While the adopted reforms have resulted in a useful consensus agreement between all of the parties, and helped to ensure that all political parties will participate in the election process, the reforms have also opened up a number of areas where there will be escalated tensions and the potential for volatile outbreaks should any disputes arise. The reliance on a balance of political representatives to ensure confidence in the process leaves the election process vulnerable to a scenario in which a dispute in one polling station, or at any of the various levels at which the technical Secretariat functions, spreading rapidly to other areas and threatening the overall integrity of the election.

The decision to handle election disputes through the district courts, a move away from the current situation in which disputes are handled by the National Electoral Commission, is also significant.
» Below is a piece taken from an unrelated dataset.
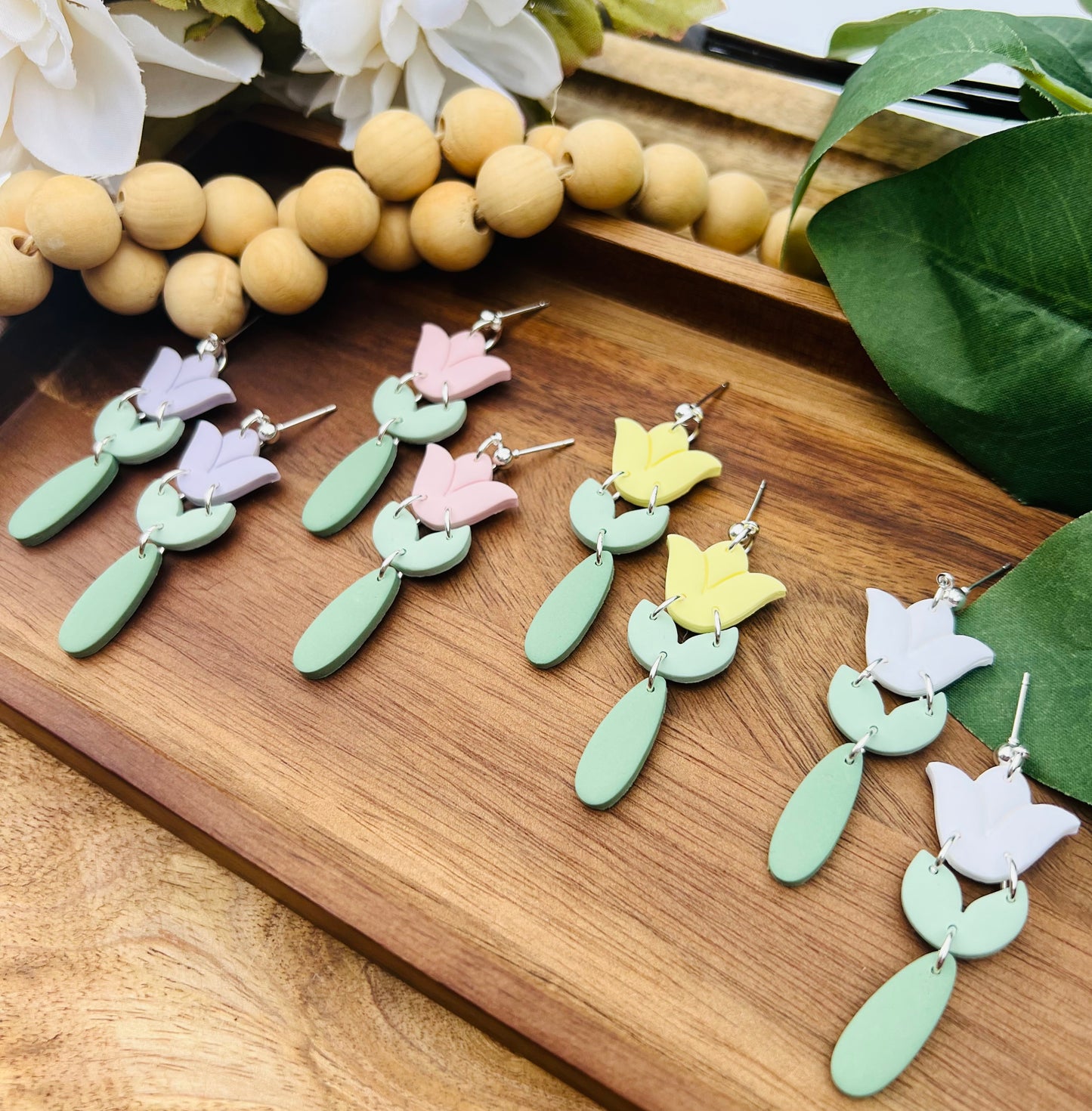 Tulip Dangles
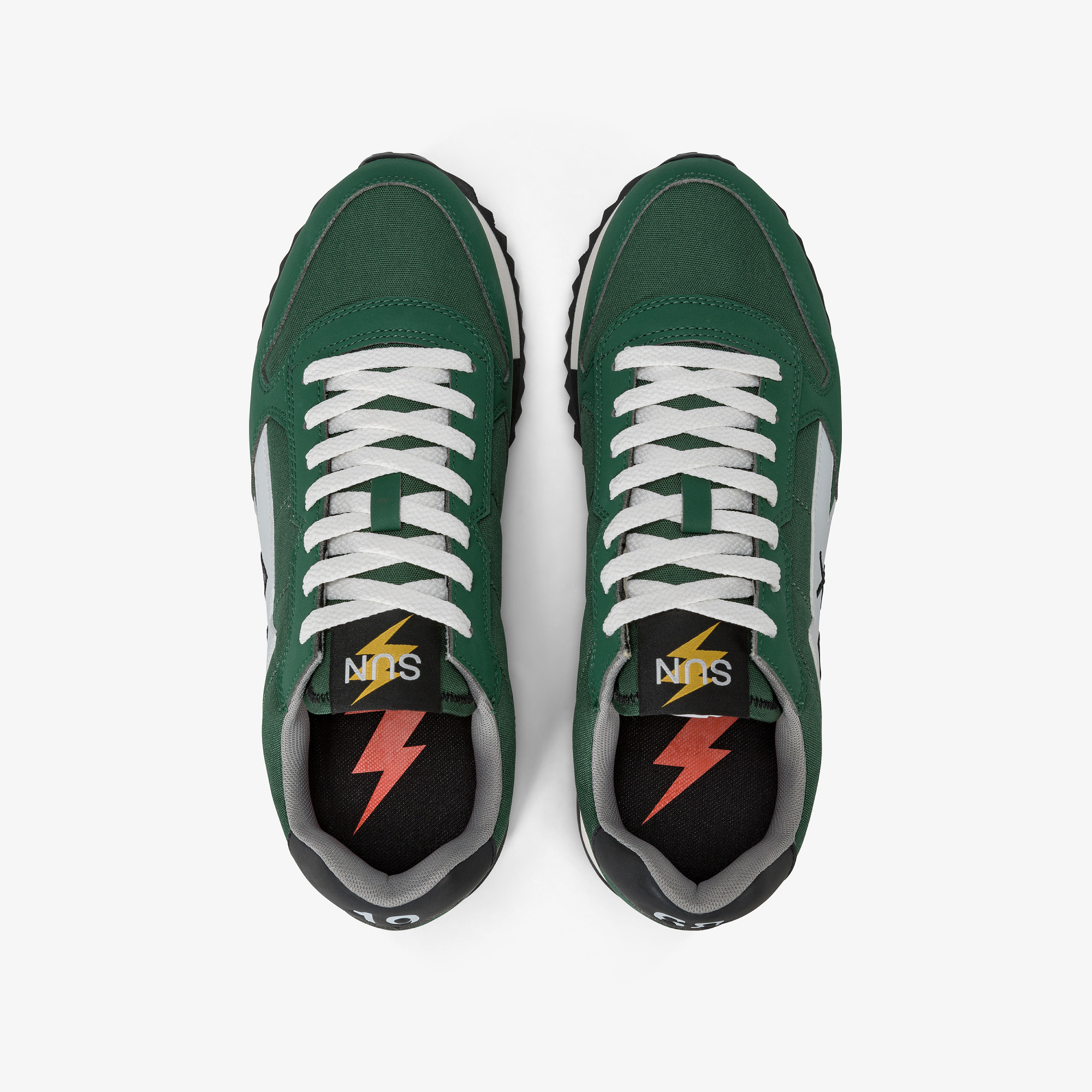 NIKI SOLID DARK GREEN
In a context in which many perceive the justice system as being biased towards the ruling party the absence of an independent dispute resolution mechanism is of concern.

In a more positive development the incorporation into the bill of a commitment to sharing an electronic copy of the voters roll at least 45 days before the election will instill some confidence in the process. A mechanism governing the process of recounts in the event of a dispute is also a welcome addition.

National Dialogue Process

The electoral reform process has also enabled movement to take place within the formal dialogue between RENAMO and FRELIMO. Recalling that this dialogue began in April 2013, and that it has been stuck on the first agenda item, electoral legislation, the reform process in electoral legislation has enabled discussions to move to agenda item 2, Defence and Security Matters. Informal reports suggest that agreement has almost been reached on the importance of declaring a ceasefire from both sides.

While it remains to be seen if this positive outlook results in a firm agreement and a cessation of hostilities, particularly regarding the ongoing military activity in Sofala, the more positive messaging is helpful. Agreement on a ceasefire, and on mechanisms to ensure it is upheld, including the potentially divisive issue of international monitoring, will open the way to move to items 3 and 4. These items are concerned with the separation of state and party and economic issues raised by RENAMO that have not been clearly specified, but are probably connected to the economic control of resources in areas where RENAMO has been historically popular.